If the High Court searches for a precedent to cancel a
publicly award prize in the State of Israel it will not have
to look far: Yigal Tumarkin himself can serve as an example.
Six years ago Yad Vashem decided not to award him its Zussman
Prize following a Yated Ne'eman report on extreme
remarks Tumarkin had made previously. The prize he had been
slated to receive is designated for Israeli artists "who give
creative expression to the horrors of the Holocaust."

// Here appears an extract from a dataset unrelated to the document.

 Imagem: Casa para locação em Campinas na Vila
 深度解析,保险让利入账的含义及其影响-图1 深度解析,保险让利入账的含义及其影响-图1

Members of the prize committee had been unaware of Tumarkin's
remarks against the chareidi public and against the Holocaust
itself. Just days before the prize ceremony was scheduled,
disturbing quotes by Tumarkin were printed in Yated
Ne'eman including, "Seeing them [the chareidim] makes one
understand why the Holocaust happened, why Jews are not
liked" -- a remark that led the committee to cancel the
prize.
Chareidi Holocaust survivors were baffled by the thought that
a prize was about to be awarded to an individual who
expressed such harsh, anti-Jewish sentiments. The Yated
Ne'eman report sent storm waves through the media and the
general public. Knesset members from every party were
infuriated and some even threatened to petition the High
Court if the prize was awarded to Tumarkin. Even the
Education Ministry contacted Yad Vashem to request the prize
be cancelled. A group of Holocaust survivors called Dor
Sheini hired a lawyer to demand that Yad Vashem not award the
prize, threatening to petition the High Court.

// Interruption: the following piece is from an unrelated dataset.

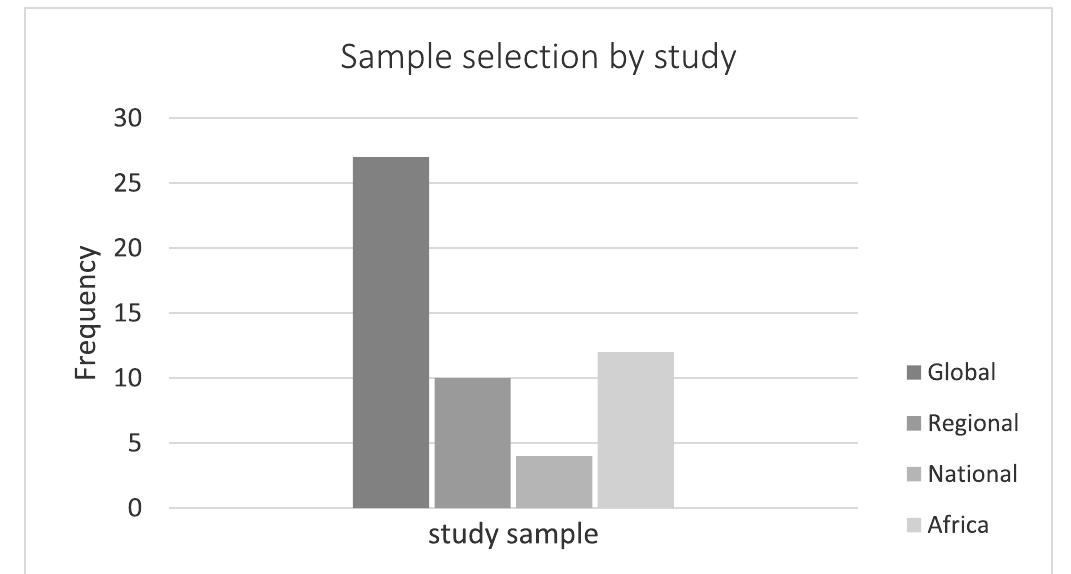 Figure 1 - from Natural resources and conflict: A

That same day the Yad Vashem board chairman convened the
Executive Committee which, after long hours of debate,
decided not to award the prize to Tumarkin. "After the
Executive Committee gathered all of the details about Yigal
Tumarkin's remarks, which were made known to Yad Vashem only
recently, and after examining hundreds of requests, the
organization received from a wide segment of the public,
particularly Holocaust survivors, the Executive Committee
decided, following an in-depth and prolonged discussion on
the issue, that after weighing all perspectives there is no
alternative other than to cancel the decision to award him
the Zussman Prize," said the announcement by the Yad Vashem
spokeswoman.
Previously there was a court indictment against Tumarkin for
his extreme remarks. The indictment was only issued after a
delay of several years due repeated efforts by the State
legal system to protect him. Eventually the case was brought
to court more than six years after the remarks were
publicized. When the hearings began Judge David Rosen said he
is instructing the Prosecutor's Office to close the case
without finding the accused guilty for the sole reason that
more than seven years had passed since Tumarkin's original
article was published, and the delay is unconscionable.